On 9/20/2021 6:23 PM, Segher Boessenkool wrote:
Hi!

On Sun, Sep 19, 2021 at 09:14:55AM -0600, Jeff Law wrote:
On 9/6/2021 8:24 AM, Segher Boessenkool wrote:
On Mon, Sep 06, 2021 at 12:32:13PM +0100, Roger Sayle wrote:
I think the current documentation is sufficient.  During compilation,
GCC's
combine pass will often substitute a register with an expression defining
it's value, and then attempt to simplify it.  As you point out, this often
produces
(temporary intermediate) expressions with poorly defined semantics.
Not "poorly defined".  The documentation says (in rtl.texi)

@findex subreg
@item (subreg:@var{m1} @var{reg:m2} @var{bytenum})

@code{subreg} expressions are used to refer to a register in a machine
mode other than its natural one, or to refer to one register of
a multi-part @code{reg} that actually refers to several registers.

It goes on to say there also are subregs of mem currently; it
exhaustively lists all things you can take a subreg of, what the
different semantics of those are, how the semantics are further
"modified" (read: completely different) if some RTL flags are set, etc.

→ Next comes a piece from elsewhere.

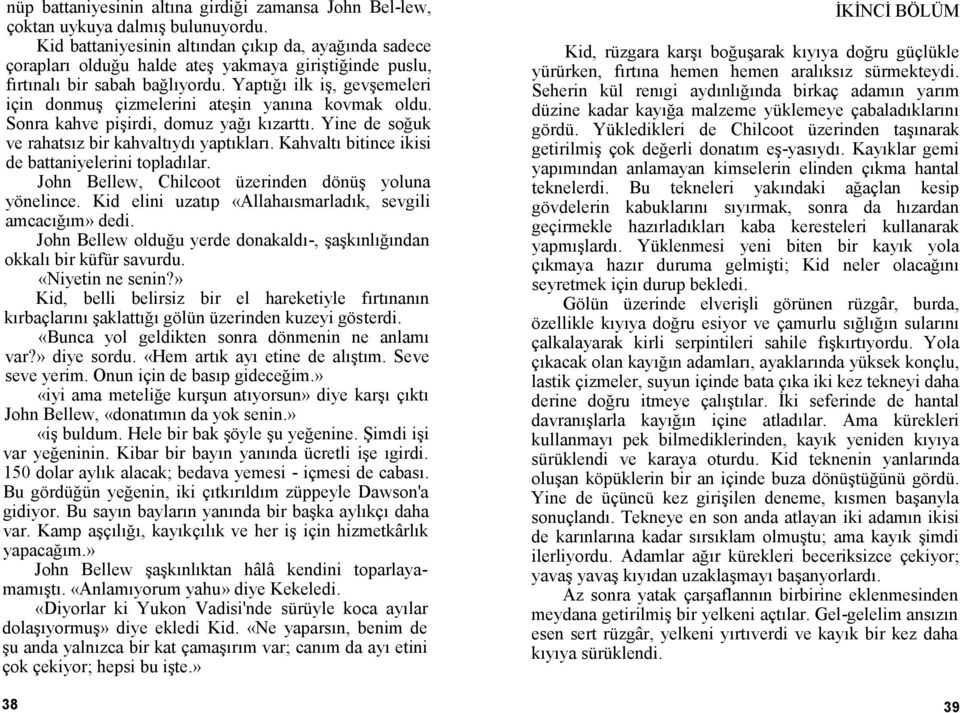 Yaptığı ilk iş, gevşemeleri için donmuş çizmelerini ateşin yanına kovmak oldu. Sonra kahve pişirdi, domuz yağı kızarttı. Yine de soğuk ve rahatsız bir kahvaltıydı yaptıkları.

The instruction combiner very often creates invalid RTL (only
structurally valid, like, no missing operands).  Invalid RTL is supposed
to never match (because backends will not have patterns that match
these).  combine even creates invalid RTL on purpose (a clobber of
const0_rtx) to ensure its result is deemed invalid, when it wants to
abort a combination attempt for some reason.

The
purpose of my patch is to avoid (constructing) SUBREGs that have TRUNCATE
as an argument (that some folks consider undefined) and instead simplify
them to either a single TRUNCATE or a SUBREG of a REG, both of which are
well defined.  I'm making/helping the implementation match the
documentation.
But this should never make it to simplify-rtx at all.  You can only
validly do such transformations in combine, because you need to know
what insns you started with etc.

simplify-rtx is a part of combine, sure, but it is used from other
contexts as well nowadays.  If you can safely do this from combine,
you can do it in combine.
[ ... ]
So what I think is missing here is some concrete path forward.  If I'm
understanding your objection Segher, you'd like to see Roger look at
where these (subreg (truncate)) expressions came from and address them
earlier than simplify_rtx?
There is no such thing as "earlier than simplify-rtx", that is the
point.  simplify-rtx is not a pass: it is like a library that is used
from all over the RTL routines.
I'm referring to earlier in the call chain, not an earlier pass. Sorry I wasn't clear about that.

If we were catching the scenario which led to the creation of (subreg (truncate)) in combine and instead of creating (subreg (truncate)) we instead created the simplified, correct form would that ease your concerns?